Friday, September 29, 2006

scattered thoughts

The Iliad is a song. A slow and painful music. Rather than the chronicle of ancient Ilion, an account of her history, it is a dirge. As all requiems, it is an intense remembrance of life. A recollection and recognition of life.



The actions of Agamemnon, fraught with deep dishonor and discord, justify the wrath of Achilles. He rages against clear injustice. The weight of the poem rests on this. The tragedy lies in his unrelenting and uncompromising hold. For the consequences that unfold in the poem, the deaths of so many noble men on either side of the field, the death of Sarpedon, the death of Patrokles, result directly from the just claim of Achilles.

In the Iliad, wrath is the face of justice. Grief the face of mercy.

Acute and clear, the grief of death brings man into sharp relief. Confronted by death throughout the poem, in the final book we are confronted by the living. The stark contrast is an austere confrontation with being itself. We see this severe, internal war manifested in the weeping eye of Priam. Like the shield, it is a wonder. In their encounter, Achilles recognizes what a man is. He is moved to mercy. Priam is not simply an enemy king, but a father seeking his son. In truly seeing his enemy, Achilles sees himself. He weeps with Priam, and his heart is opened.

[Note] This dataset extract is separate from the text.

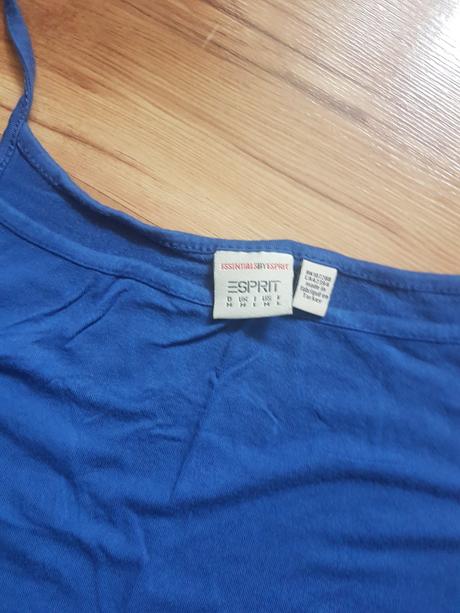 Tričko/tielko, esprit,m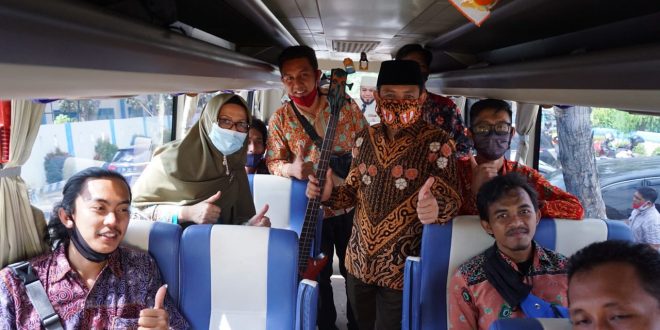 Pemkot bengkulu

The war music does not end in discord. It ends in harmony. Achilles relinquishes his claim on justice. Though the war will continue, and the city will fall, the wrath of Achilles has died. The poem of war is a movement toward mercy.

...

Note:

I wrote this rather hurriedly a few nights ago. I wanted to revise it into something more substantial to post, but I am unsure how to proceed. Essentially, I am wondering if this line of thinking makes sense. Please, comment. I am not as certain as the tone indicates.

1 Comments:

At 9/30/06, 1:30 PM, Blogger Taylor said...

I think the encounter with Priam is the moment of tragic catharsis for the Iliad. Achilles, who has heretofore been somewhat pathetically bemoaning his own fate, can at this moment grieve not for himself but for his father's loss of him, and through that he mourns his own impending death. I like your connection between the eye and the shield. Both exhibit the expansiveness of life outside of war - the life of the polis, lived in community - which the Iliad in its main narrative arc is unable to present.